Brisby did not go right to work. He was fuming -- some day they would get the service so fouled up in red tape they'd never get a ship off the ground. He bet that the Old Man had gone into the Exotic Corps with a feeling of relief -- “X” Corps agents didn't have red tape; one of 'em finds it necessary to spend money, he just did so, ten credits or ten million. That was how to operate -- pick your men, then trust them. No regular reports, no forms, no nothing -- just do what needs to be done.

Whereupon he picked up the ship's quarterly fuel and engineering report. He put it down, reached for a message form, wrote a follow-up on Baslim's report, informing Exotic Bureau that the unclassified courier who had delivered report was still in jurisdiction of signer and in signer's opinion additional data could be had if signer were authorized to discuss report with courier at discretion.

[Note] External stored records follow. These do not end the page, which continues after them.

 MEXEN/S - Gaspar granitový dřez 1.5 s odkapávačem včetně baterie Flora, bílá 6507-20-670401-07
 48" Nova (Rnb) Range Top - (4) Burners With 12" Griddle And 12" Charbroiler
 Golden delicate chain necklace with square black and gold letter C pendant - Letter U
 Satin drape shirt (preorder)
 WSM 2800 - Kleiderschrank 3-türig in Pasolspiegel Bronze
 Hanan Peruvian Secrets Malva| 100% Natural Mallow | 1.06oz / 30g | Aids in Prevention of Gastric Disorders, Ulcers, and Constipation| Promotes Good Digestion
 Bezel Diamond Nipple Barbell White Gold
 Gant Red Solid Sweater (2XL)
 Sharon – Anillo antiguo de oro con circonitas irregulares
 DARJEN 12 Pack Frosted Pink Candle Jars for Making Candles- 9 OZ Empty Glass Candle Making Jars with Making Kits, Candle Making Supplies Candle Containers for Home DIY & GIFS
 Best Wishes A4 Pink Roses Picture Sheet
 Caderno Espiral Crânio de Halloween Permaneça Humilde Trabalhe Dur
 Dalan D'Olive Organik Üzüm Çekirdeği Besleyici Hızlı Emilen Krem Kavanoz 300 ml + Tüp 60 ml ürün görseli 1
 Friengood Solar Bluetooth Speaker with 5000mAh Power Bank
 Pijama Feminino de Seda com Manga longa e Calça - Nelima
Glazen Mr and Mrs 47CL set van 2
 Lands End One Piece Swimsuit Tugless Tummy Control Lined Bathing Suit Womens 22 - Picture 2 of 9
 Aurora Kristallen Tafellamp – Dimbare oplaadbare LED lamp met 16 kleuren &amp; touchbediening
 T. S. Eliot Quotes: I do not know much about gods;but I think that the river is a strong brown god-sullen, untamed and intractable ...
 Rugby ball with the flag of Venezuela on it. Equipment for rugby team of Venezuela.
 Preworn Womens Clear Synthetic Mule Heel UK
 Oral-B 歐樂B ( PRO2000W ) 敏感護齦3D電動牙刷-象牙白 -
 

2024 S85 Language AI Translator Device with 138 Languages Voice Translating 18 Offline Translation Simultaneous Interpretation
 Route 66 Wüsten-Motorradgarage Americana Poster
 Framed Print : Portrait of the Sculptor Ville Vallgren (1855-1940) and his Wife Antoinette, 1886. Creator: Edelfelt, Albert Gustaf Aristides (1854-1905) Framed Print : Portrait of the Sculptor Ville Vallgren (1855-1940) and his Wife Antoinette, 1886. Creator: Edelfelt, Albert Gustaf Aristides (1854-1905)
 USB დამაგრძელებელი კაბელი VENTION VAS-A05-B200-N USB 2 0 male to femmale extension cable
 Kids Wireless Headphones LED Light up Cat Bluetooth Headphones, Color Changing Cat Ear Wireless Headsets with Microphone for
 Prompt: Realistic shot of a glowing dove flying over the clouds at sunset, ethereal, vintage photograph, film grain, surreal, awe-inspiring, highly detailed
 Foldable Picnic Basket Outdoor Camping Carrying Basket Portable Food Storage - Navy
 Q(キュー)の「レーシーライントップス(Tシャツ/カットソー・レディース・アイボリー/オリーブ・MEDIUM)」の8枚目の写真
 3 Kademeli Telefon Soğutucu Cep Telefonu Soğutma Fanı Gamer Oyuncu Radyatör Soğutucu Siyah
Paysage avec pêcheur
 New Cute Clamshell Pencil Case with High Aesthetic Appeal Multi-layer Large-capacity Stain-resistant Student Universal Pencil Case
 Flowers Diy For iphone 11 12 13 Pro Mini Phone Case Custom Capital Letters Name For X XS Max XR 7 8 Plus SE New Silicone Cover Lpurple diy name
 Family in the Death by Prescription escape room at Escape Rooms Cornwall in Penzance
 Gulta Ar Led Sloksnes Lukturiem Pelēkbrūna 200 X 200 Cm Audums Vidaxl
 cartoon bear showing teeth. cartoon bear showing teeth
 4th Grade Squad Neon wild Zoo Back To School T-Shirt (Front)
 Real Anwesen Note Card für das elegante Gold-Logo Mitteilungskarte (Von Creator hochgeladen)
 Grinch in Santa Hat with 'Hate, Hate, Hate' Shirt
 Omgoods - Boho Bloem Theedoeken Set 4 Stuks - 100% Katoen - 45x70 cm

He decided not to turn it over to the code and cipher group; he opened his safe and set about coding it He had just finished when the Paymaster knocked. Brisby looked up. “So you found the paragraph.”

“Perhaps, Skipper, I've been talking with the Executive Officer.”

“Shoot”

“I see we have subject person aboard.”

“Now don't tell me I need a charge for that!”

“Not at all, Skipper. I'll absorb his ration in the rush. You keep him aboard forever and I won't notice. Things don't get awkward until they get on the books. But how long do you expect to keep him? It must be more than a day or two, or you wouldn't want an identity search.”

The Commanding Officer frowned. “It may be quite a while. First I've got to find out who he is, where he's from. Then, if we're going that way, I intend to give him an unlogged lift. If we aren't -- well, I'll pass him along to a ship that is. Too complicated to explain, Pay -- but necessary.”